J’ai toujours fait l’expérience du multiculturalisme, mais elle variait selon le milieu que je fréquentais ou les études que je faisais, et davantage (mais à un degré plutôt singulier) depuis que je me suis voilée.
Etre Noire et porter chaque jour le brassage de plusieurs cultures dépend, à mon sens, de ces facteurs qui déterminent ce qu’on représente aux yeux des gens. Jusqu’alors, je suis toujours passée pour une Noire de culture sénégalaise et française, ou tout simplement de culture française (une binarité plutôt sympathique pour qui n’en connaît pas les difficultés qu’elle peut engager) . J’ai eu un parcours scolaire très porté sur la littérature et, du même coup, je fréquentais des cercles d’amis aux yeux desquels j’étais une sorte d’ambassadrice Africaine implantée dans un cercle d’amis majoritairement blanc, un élément exotique et d’autant plus agréable qu’elle n’était pas en décalage avec le reste du groupe. En aucun cas il n’était question de religion : c’est comme si un Noir, par définition, n’est rattaché à aucune confession.

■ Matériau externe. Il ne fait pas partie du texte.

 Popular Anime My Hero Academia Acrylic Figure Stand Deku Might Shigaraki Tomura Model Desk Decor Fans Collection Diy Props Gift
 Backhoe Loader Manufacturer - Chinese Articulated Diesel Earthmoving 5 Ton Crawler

J’ai porté le voile en août 2017, le lendemain de la fin de mon contrat d’agent d’accueil. J’avais nourri depuis un an le projet de passer ce cap et cela a été plus aisé que je ne le redoutais. Je n’ai pas perçu de changement radical de la part de mon entourage, très favorable à cette décision. Mes frères et moi avons, au même moment, commencé à nous consacrer à l’étude de la religion et nous étions à peu près sur la même longueur d’ondes.

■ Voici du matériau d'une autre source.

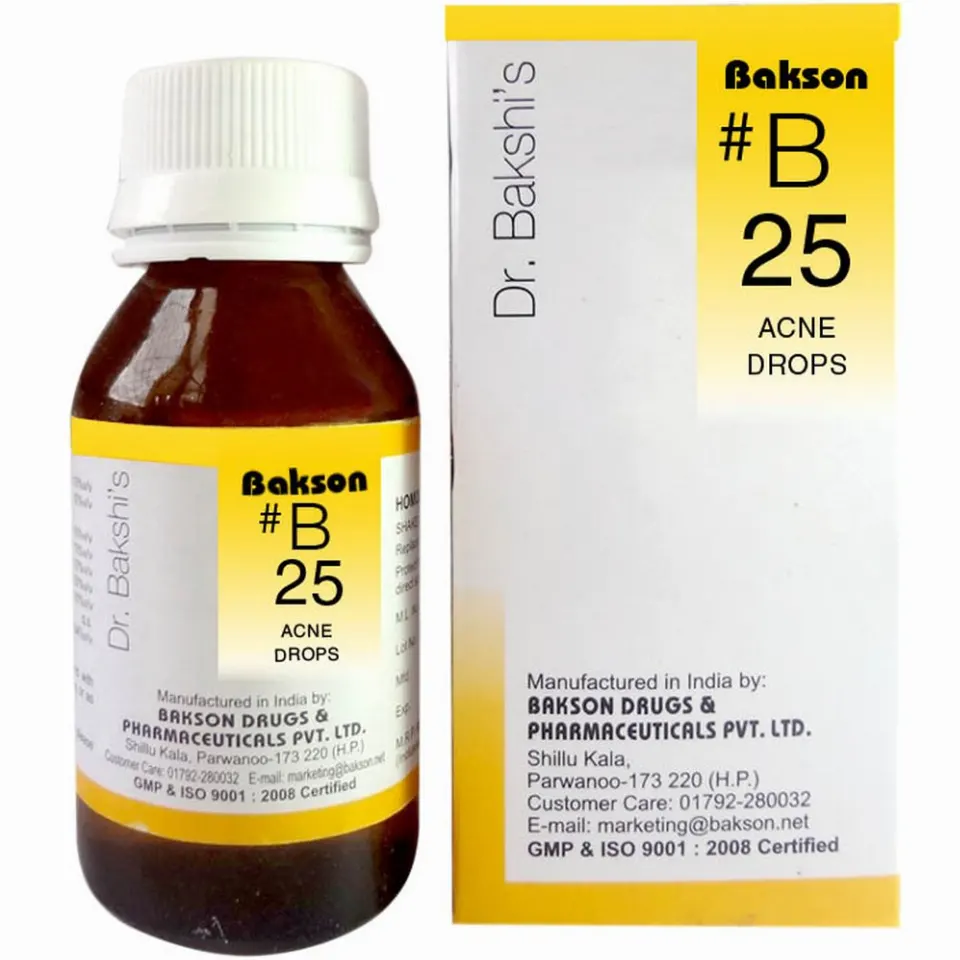 Bakson B25 Acne Drops (30ml)
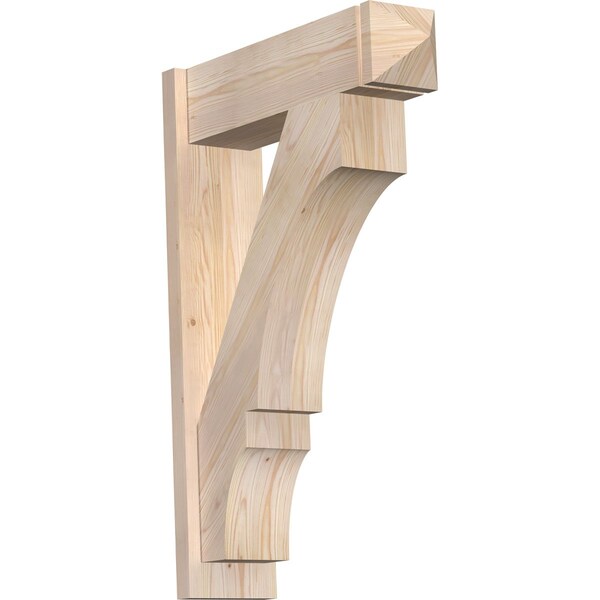 Ekena Millwork Balboa Arts & Crafts Smooth Outlooker, Douglas Fir, 7 1/2"W x 26"D x 38"H OUT08X26X38BOA03SDF - main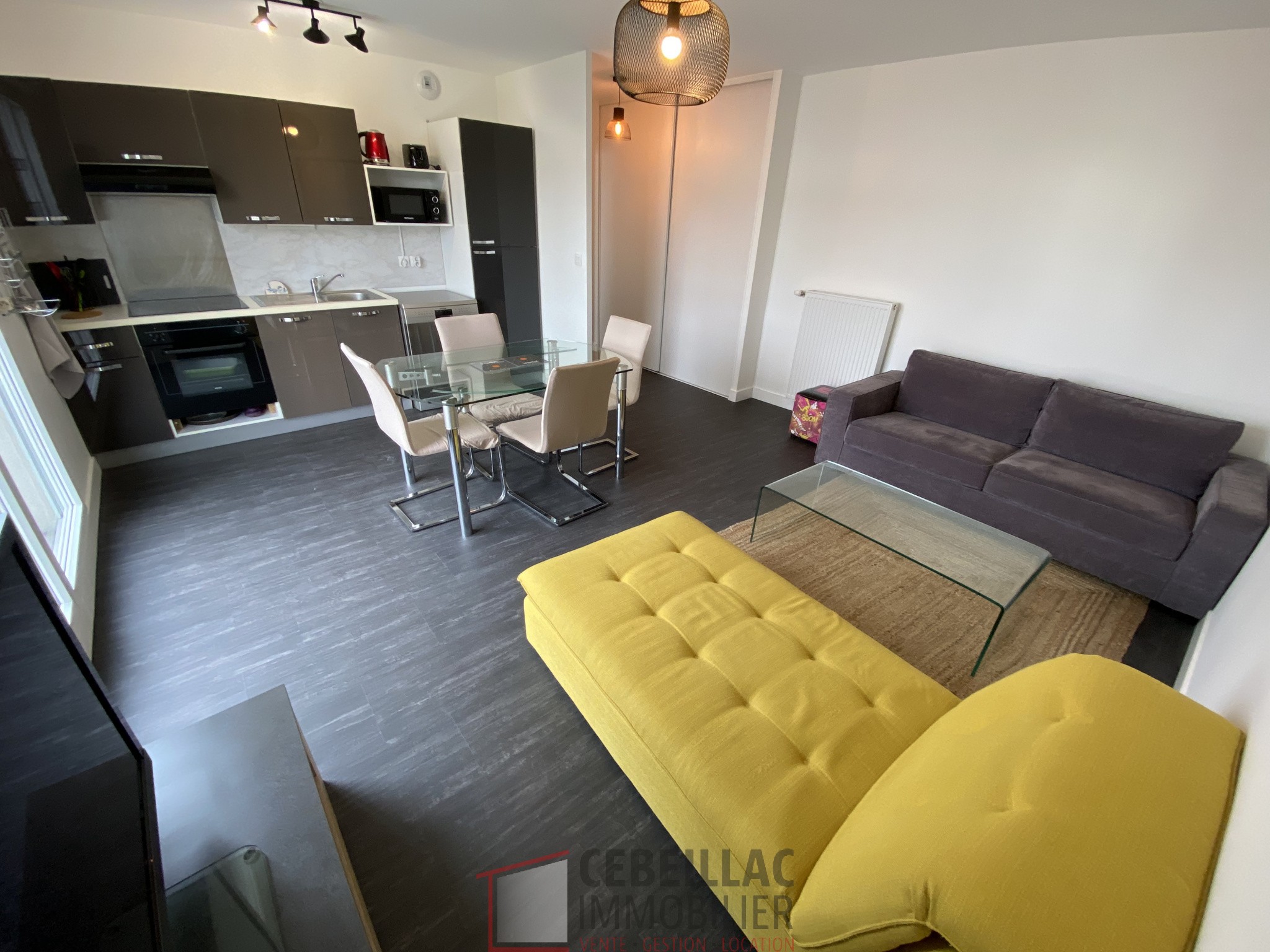 Location Appartement à Clermont-Ferrand 3 pièces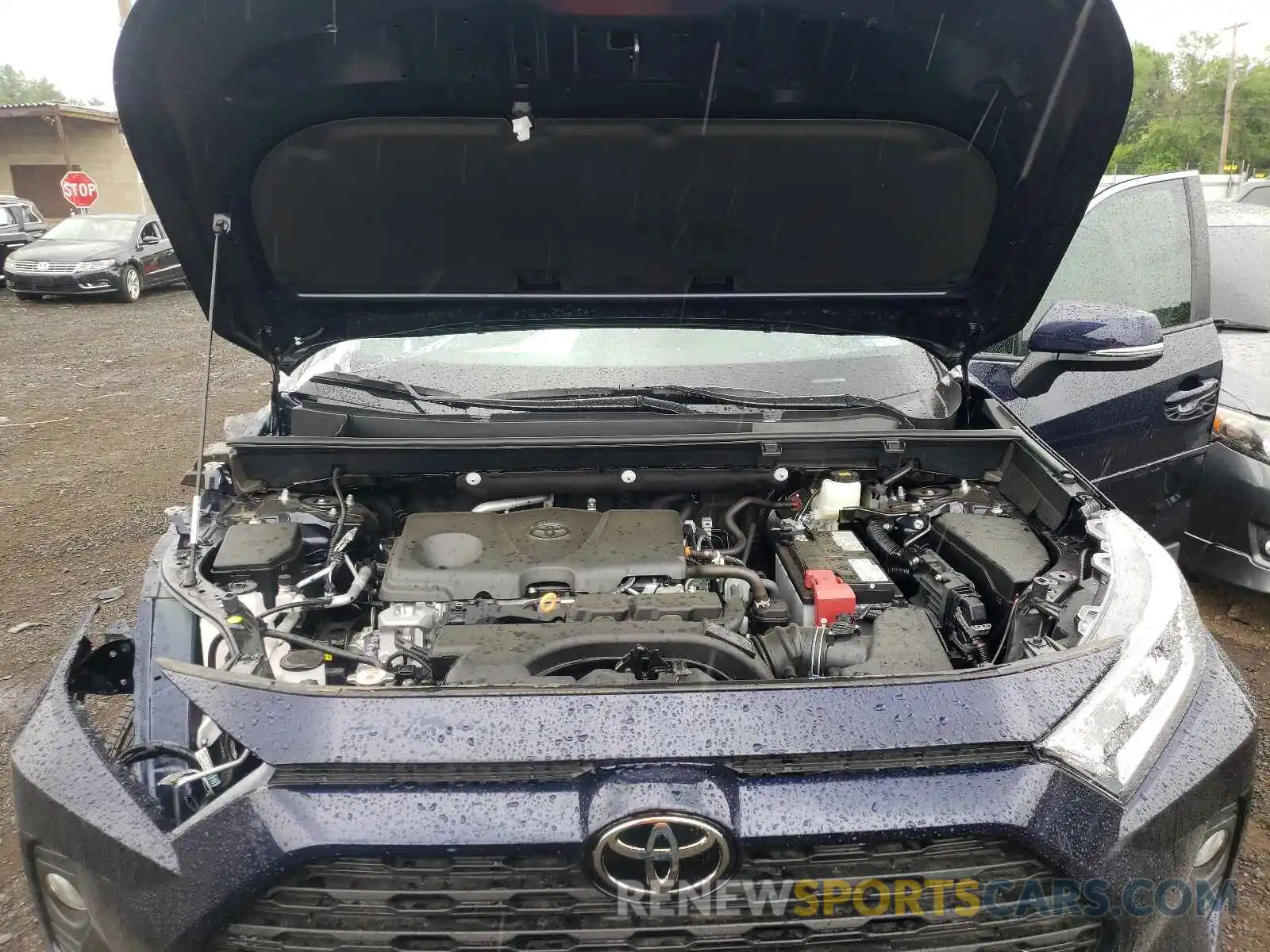 7 Фотография поврежденного автомобиля 2T3P1RFV9MW180177 TOYOTA RAV4 2021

Quant à ma famille en général, elle compte peu de jeunes femmes voilées, notamment parce qu’il y a un certain conformisme institué par les parents, et qui les destine à des carrières professionnelles incompatibles avec le port du voile. Entre cousines, les relations sont cordiales même si un décalage est notable entre nous, et qui se fonde sur la religion et sa pratique. Toutefois, nous sommes toutes élancées à la même ambition, c’est-à-dire les diplômes et la carrière professionnelle. Être la seule (ou parmi les seules) à avoir un hidjab distingue également de ce groupe avec qui j’ai en commun l’âge et la culture.

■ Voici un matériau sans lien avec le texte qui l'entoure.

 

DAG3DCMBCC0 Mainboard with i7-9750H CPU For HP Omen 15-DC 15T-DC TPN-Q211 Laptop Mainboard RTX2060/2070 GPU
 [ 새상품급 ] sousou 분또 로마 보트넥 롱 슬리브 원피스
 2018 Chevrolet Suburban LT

Quant aux oncles, ils voient toujours d’un œil désapprobateur, moqueur ou profondément hostile notre choix de vie. Dès lors qu’on ne serre plus leur main ou qu’on observe une certaine distance, ou prononçons mots arabes ou versets tels que nous l’enseignent des professeurs compétents, c’est l’avalanche de remarques sur l’invasion des Arabes sur notre mode de vie « africain », critique assez paradoxale. A croire qu’ en appliquant des préceptes religions, nous rejetons toute forme d’intégration en France.
Si, pour ma part, j’ai toujours été et je demeure la fille que j’étais, cette évidence ne l’a pas été pour mes amis. Dès lors que je l’ai mis, je m’étais dit qu’il y avait des fréquentations auxquelles il fallait renoncer : porter le voile suggérait également une réforme dans mon mode de vie. Toutefois, il y a des plaisirs auxquels on ne se refuse pas, mais que des amis ne veulent plus partager avec vous parce que désormais, vous êtes voilée. Difficile de défaire vos amis d’une répulsion secrète envers tout ce qui évoque l’islam… Ces amis se sont détournés de moi.
En fin de compte, ce que nous vivons est une expérience très singulière à définir. Toutefois, il en ressort un enrichissement personnel qui permet d’aborder l’autre, et plus largement la société avec une grande largesse d’esprit.